Der Innenraum des Centers ist zweigeteilt: In einem Bereich stehen aufgereiht Apple-Computer, an denen Besucher unentgeltlich im Internet surfen können. An der Wand in einer großen Vitrine sind die Trikots großer Mannschaften zu bewundern – wie moderne Reliquien. Im zweiten Raum, den Fußballtrainer nutzen sollen, um ihre jungen Spieler in Taktik zu unterweisen, verfolgen einige Besucher auf einem Großbildschirm das gerade laufende WM-Fußballspiel. Daneben beherbergt das Zentrum Büroräume, einen Wellnessraum für die Spieler und einen Bereich, der für Aids-Aufklärung benutzt werden soll, denn Nike will in dem Trainingscenter in Soweto nicht nur junge Fußballtalente fördern, sondern sich auch im Kampf gegen Aids engagieren.
Schön, wie David meint, ist nicht nur das Gebäude, schön sind auch die beiden jungen Mitarbeiter am Informationstisch. Die sportliche junge Frau überreicht uns freundlich eine aufwendig gestaltete Broschüre über den Bau und die Bedeutung des Trainingszentrums.
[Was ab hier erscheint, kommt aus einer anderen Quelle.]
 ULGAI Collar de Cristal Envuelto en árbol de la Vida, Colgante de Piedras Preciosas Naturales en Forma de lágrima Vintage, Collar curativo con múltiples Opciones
Hier ist einfach alles frisch, sauber, modern. In Soweto – ein Kurzwort für South Western Townships – ist das längst noch nicht überall so. Vor dem Gebäude treffen wir auf eine Gruppe von Jungen, die an diesem Tag am Turnier teilgenommen haben. Einer trägt in der Hand ein Nike-Shirt, das er gewonnen hat. Was es für ihn bedeutet? »Es zeigt den anderen: Ich bin jemand, ich kann mir was leisten.«
Das Trainingszentrum ist natürlich auch gedacht, für die Produkte des Unternehmens zu werben. Südafrika soll bald wie Brasilien und andere aufstrebende Märkte für hohen Absatz sorgen. Die Firma glaubt fest daran, was allerorten seit dem Beginn der WM zu hören ist: Ke Nako Afrika – es ist Zeit für Afrika!